Schiff w/ Lutz: Washington Can’t Bail Itself Out This Time
In his latest interview on Kerry Lutz’s Financial Survival Network, Peter lays out out a sober warning about the macroeconomy and the world’s preferred reserve currency. He frames our economic situation as the inevitable result of decades of fiscal and monetary mismanagement, and he urges listeners to think about capital preservation now rather than waiting for a government rescue that may never come.
He opens by reminding listeners that the buildup to crisis has been years in the making and that most people still don’t see what is coming:
Most people are still asleep. They have really no idea what was happening. And I think we’re getting closer and closer to a day of reckoning that I’ve been warning about, as you know, for more than 15 years. The problems didn’t happen overnight. They’ve been building and building over time. And the problem is instead of dealing with them, we kick the can down the road because the pain, the political pain, certainly an economic pain, associated with dealing with them is so great that nobody wants to do it.
He says markets, not politicians, will force the adjustment — and that adjustment will show up as trouble for sovereign debt and the dollar itself, a risk even establishment figures are beginning to acknowledge:
And it’s ultimately going to be the markets that decide this. And that’s going to take the form of a sovereign debt crisis and a U.S. dollar crisis. And even former Secretary of the Treasury, Hank Paulson, just last week came out and said that we need an emergency break-the-glass plan to deal with the situation where there is no longer sufficient demand for Treasuries.
But Peter is skeptical of Washington’s contingency plans. He argues that preparing for the aftermath is not the same as preventing the collapse in the first place — and that some so-called “plans” amount to self-destructive measures:
The problem is, I don’t think there is an emergency plan that would work. I mentioned on my own podcast, the plan is that behind that glass is a revolver and you break the glass and then you shoot yourself in the head. That’s basically it. What Paulson should be doing now, instead of telling us that we need a plan to deal with the crisis, what he should be saying is we need a plan now to try to avert the crisis. Let’s try to do something before it happens, right?
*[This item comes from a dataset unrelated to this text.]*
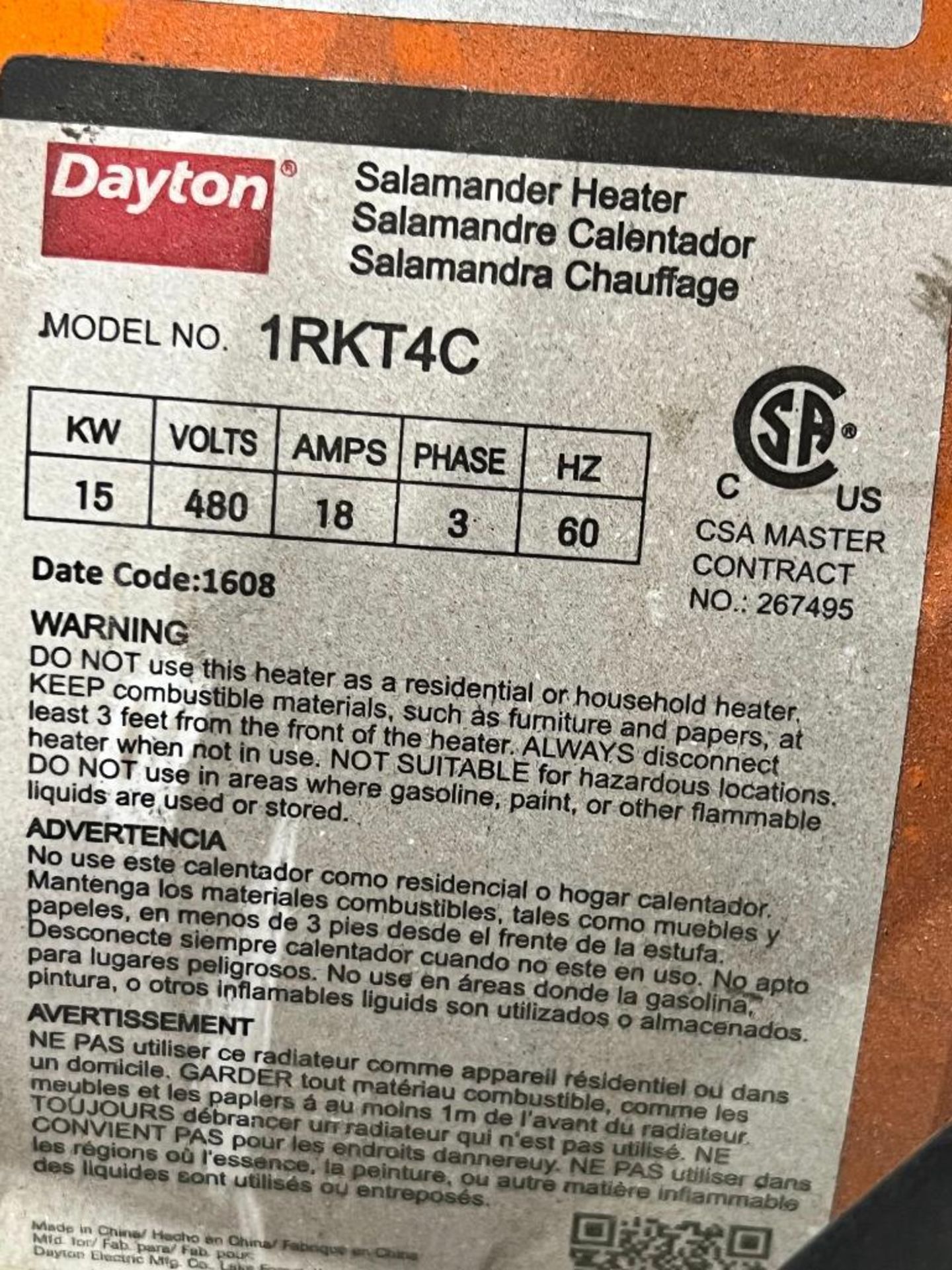 Dayton Salamander Heater, Model 1RKT4C - Image 3 of 3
He points out an important mindset shift for savers when the safe asset isn’t so safe anymore: preservation of capital must sometimes outweigh chasing yield. That applies to Treasuries, too. They are not an absolute refuge:
It makes total sense because you stop worrying about return on investment and you start worrying about return of investment. And that applies to Treasuries too. Everybody just assumes, ‘Well, the U.S. government will never default.’ I wouldn’t make that assumption. I mean, we defaulted before when U.S. dollars were redeemable in gold and it was a promise to pay a fixed quantity of gold. And then we defaulted on that promise and paid nothing for our notes.
Finally, Peter returns to the central danger: this crisis will be centered on the government’s own balance sheet, consisting of treasuries and dollars, and that makes traditional bailouts ineffective. He warns that if listeners expect another blanket government rescue like 2008, they will be sorely disappointed:
The government was able to bail people out of that crisis. So even if you didn’t see it coming, the government bailed you out if you held on. But this crisis is not a crisis where the government could bail you out because this crisis is going to be focused in the government, its own debt, not subprime mortgages, but Treasuries, the U.S. dollar. And the government can’t bail us out of a dollar crisis because all it could do is create more dollars.